=== Work order ===
Copy only those lines which run from the line containing "Jay Strongwater Holy" to the end of the entries below, both inclusive, exactly as written and with no pictures.

┌──

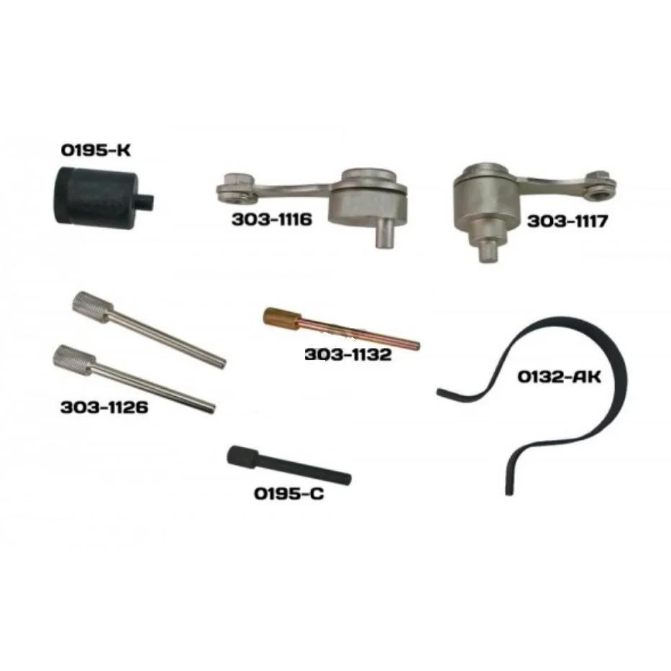 GTJLR4 Jaguar,Land Rover Diesel Engine Timing Tool Set (TDV6) Garage & Tool Supplies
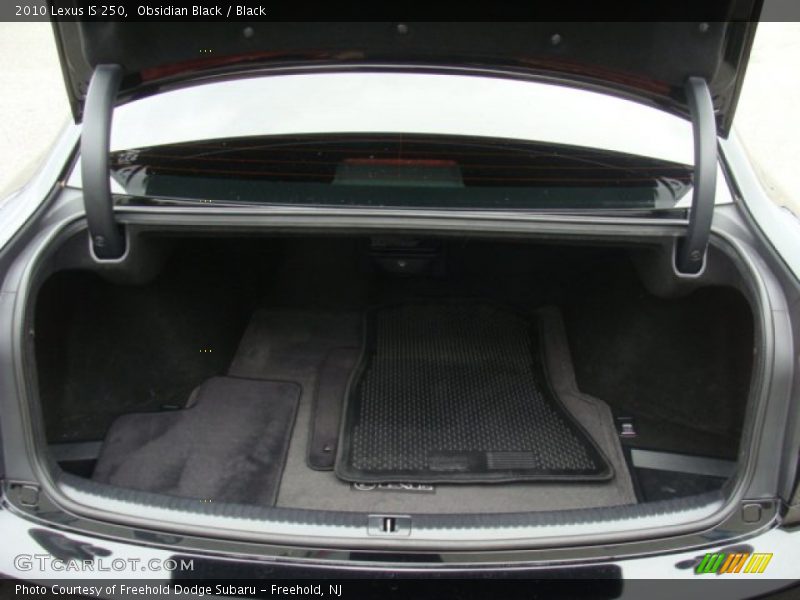 Obsidian Black / Black 2010 Lexus IS 250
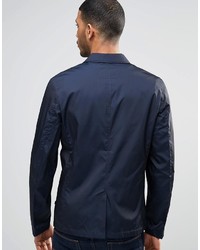 Blazer bleu marine Farah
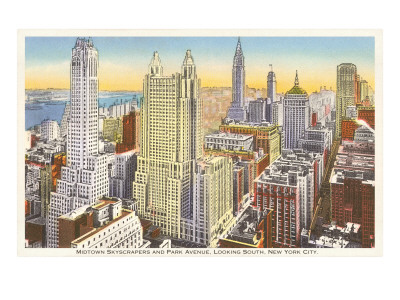 Midtown Skyscrapers, New York City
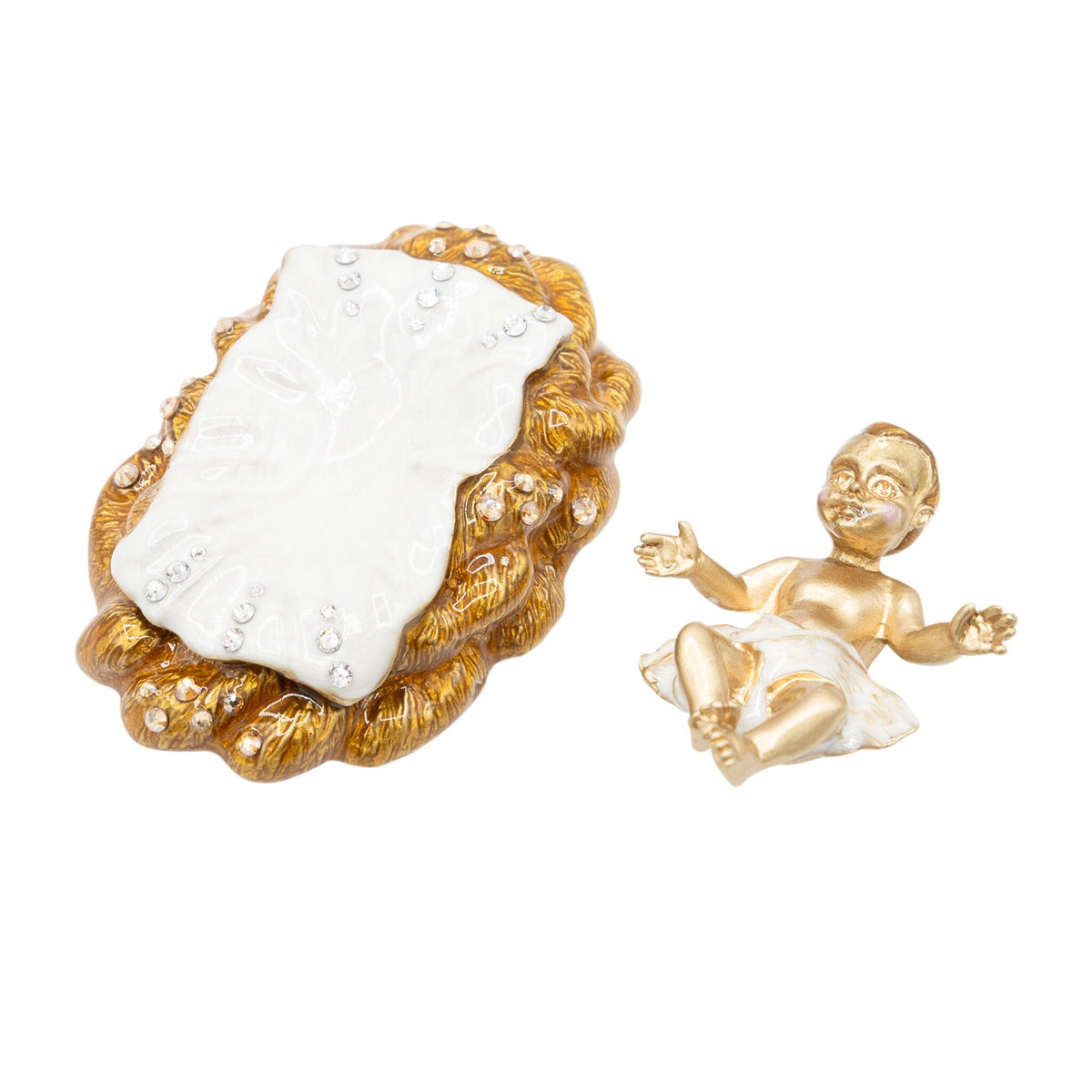 Jay Strongwater Holy Family Figurine, alternate view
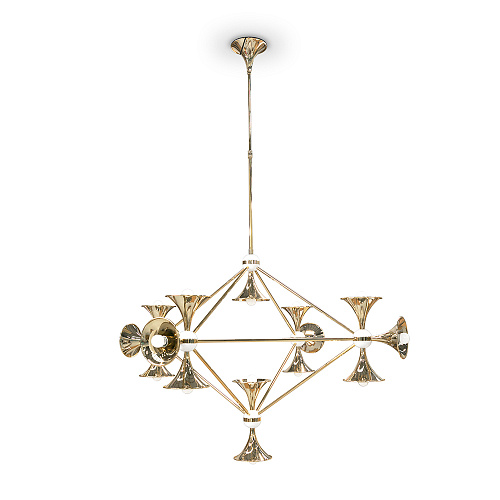 Maestro Diamond Pendelleuchte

└──

=== Task response ===
 Jay Strongwater Holy Family Figurine, alternate view
 Maestro Diamond Pendelleuchte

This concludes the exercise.